Section 202 of the Copyright Act makes clear that the rights in the “copyright” and the rights in the “copy” of a copyrighted work are two entirely different things. Section 106 makes clear that the right to sell copies is limited (made “subject to”) section 109 of the Copyright Act, and Section 109(a) states that if you own a “lawfully made” copy of a copyrighted work, you can sell it, lend it, give it away or throw it in the trash without the consent of the copyright holder. So, why did the Supreme Court even need to bother? Because this 150-year-old right was being re-interpreted by nefarious copyright owners to circumvent the restrictions copyright law placed on their rights.
The old common law did not care where the copies were made. The old statutory law (since 1909) was not contingent on where the copies were made. But, in 1976, to clarify that the right (called the first sale doctrine) to re-distribute copies that the copyright owner no longer owned did not apply to copies that were stolen or belonged to someone else (the old law simply gave the right to redistribute to anyone in possession), Congress limited the principle to copies “lawfully made under this title,” and “this title” referred to the Copyright Act.

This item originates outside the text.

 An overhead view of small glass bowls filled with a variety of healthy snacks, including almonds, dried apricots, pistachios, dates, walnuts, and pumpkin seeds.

Common sense suggests that “lawfully made under this title” simply means “non-infringing” under U.S. law, but leave it to creative lawyering to argue that since the U.S. Copyright Act does not apply abroad, nothing made abroad can ever be “lawfully made under this title.”

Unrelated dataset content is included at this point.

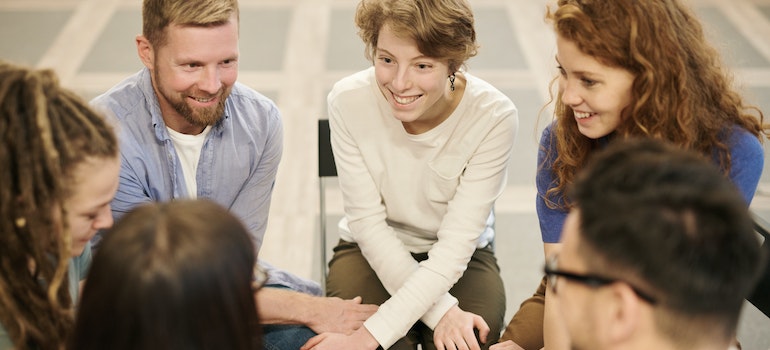 A group of people engaging in a group conversation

On its face, that position is rather silly, since the Copyright Act itself grants the copyright owner the exclusive right to reproduce the work into copies – or to authorize others to do so – and does not restrict that right to making copies in the U.S. Indeed, I can’t imagine any copyright owner arguing that their copyright does not give it the exclusive right to authorize someone to make a copy outside of the United States, because that would mean that anyone – anyone at all – who is in the United States could authorize anyone – anyone at all – to make copies outside of the United States, without infringing the copyright. That would, in effect, allow any U.S.-based enterprise to set up a global piracy operation, facilitating the reproduction of major motion pictures all over the world before they have opened in U.S. theaters, so long as the copies were being made abroad.
A lot of people have lost their businesses, paid settlements, or gone bankrupt because of copyright owner abuses based on this misguided theory. Having granted certiorari, the Supreme Court has the opportunity to restore U.S. law to its 150-year-old history that says, quite simply, that if the copy is not infringing, the copyright owner’s right to control distribution ends when it no longer owns the copy. They can’t have their cake and eat it too.
Costco Wholesale Corp. v. Omega S.A., No. 08-1423.